Allie


Tuesday, March 12

keeping your weird

I've always been attracted to people who are a little weird. I'm not talking bat sh!t crazy or out of their minds (well maybe just a little), but the eccentric and unique types have always been the people I want to get to know. Maybe it's because I created a "contact contract" in 5th grade and had the kids on the playground sign it in order to convince my parents to let me wear contacts instead of glasses. (Strange kid, I know.) I'm not sure.

But recently, during a riveting session at 826, I was chatting with one of my favorites about her latest crush (we'll call her Cindy*; she's 10).

Cindy (humiliated): So today, this guy found out I had a crush on him!
Me: Awwww! You're in loveee!
Cindy: No I'm not! But now everyone knows I have a crush on him.
Me: So who's the lucky guy? What did he have to say about this?
Cindy: Well... he doesn't like me back. He said it's because I'm weird.

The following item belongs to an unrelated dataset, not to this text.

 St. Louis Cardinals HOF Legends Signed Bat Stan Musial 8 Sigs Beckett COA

This kind of broke my heart.

At a young age, we're taught to socialize and fit in with the other kids. But we're also often asked "if blah blah blah jumped off a cliff, would you jump, too?" and we're constantly told to "be your own person." That's confusing. Especially when even in the 5th grade, being weird is wrong and bad and the boys won't like you (a fate worse than death).

I often wonder if I'll ever find the guy who matches my weird, so it was kind of hard to be confident when I told Cindy that being weird is a compliment and if the boy doesn't like you for your weird, he's just not worth it at all.

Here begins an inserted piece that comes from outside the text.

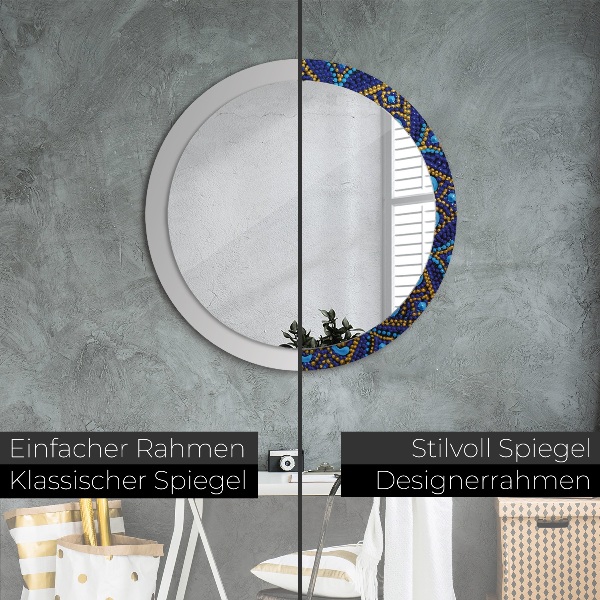 Miroir rond avec décoration Composition décorative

Isn't it funny how advice to a 5th grader can still be relevant in your mid-twenties?

*name has been changed for privacy purposes

10 comments:

Applewood Road said...

My sis is in 6th grade and I have many palm-face moments when I get advice from her! My mom has a really similar philosophy to yours, she always says "I'd rather be weird than vegetable lasagna" (seinfeld reference haha). Weirdness rules.

Oh hello, Love said...

I think, ultimately, we're all a bit weird. So I think it's a matter of finding someone who you feel comfortable enough to let them into your weirdness. I don't think my husband comes off as weird to others, but at home, he is so comfortable that I get to witness all these little quirks and oddities that others don't. And vice versa.

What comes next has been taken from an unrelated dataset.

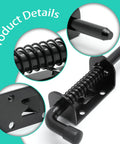 Rock Solid Spring Loaded Gate Latch Pin Pair Premium Stainless Steel Barrel Bolt Door Hardware with secure pin mechanism.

But I think that's what's wrong with the idea of being weird. Once we realize that everyone is weird in their own way (and especially in their own space) then being weird won't be weird at all. Hah. I feel like I'm talking in circles.

Katie said...

I love this post so much. Poor girl. Weird is good!

Kirsten said...

I agree. When we are younger, it's all about fitting in. Then, in high school, eccentricity begins to be cool, and by college, weirdness is in.

Z said...

things!
1. you're a part of 826!? that's aaaamazing! I'm desperately trying to get an internship there (by "there" I mean 826 Boston haha) this summer and it looks soooo cool! So glad you're involved. My roommate interns there and she comes back with the best stories.
2. I hear you on the weirdness. I was ALWAYS the weird kid throughout school (mostly due to my hyperactivity and addictive laughter). It was definitely rough at some points and I got teased a lot, but I think it vaulted me into adulthood since now I have a pretty thick skin and don't really care what "all the people think." As Tina Fey says, "do your think, and don't care if they like it!" what a cute post. :] Give my best regards and wishes to Cindy!!!

Niken said...

i agree. even when we're in 20's, we need to be reminded of that sometimes.

Rachael said...
This comment has been removed by the author.
Rachael said...



I agree with you there. Sometimes it seems like, with guys, we still are back in the 5th grade.
But I think it's good to be weird. It makes you unique, and that's so much better to me, then being ordinary.
Although I feel for your little friend. It's not a good feeling when someone you like, doesn't like you back. But you gave her good advice, and I hope she takes it to heart :)

kbockmann said...

well written. I agree...what's fun about being normal when you can be unique and a little different. You're a great writer.

Tiffany said...

I so love this post. You will find your weird-mate, you will. I was a weird child, for sure. Which was not popular. Which was bullshit, because I'm totally rad now. xoxo.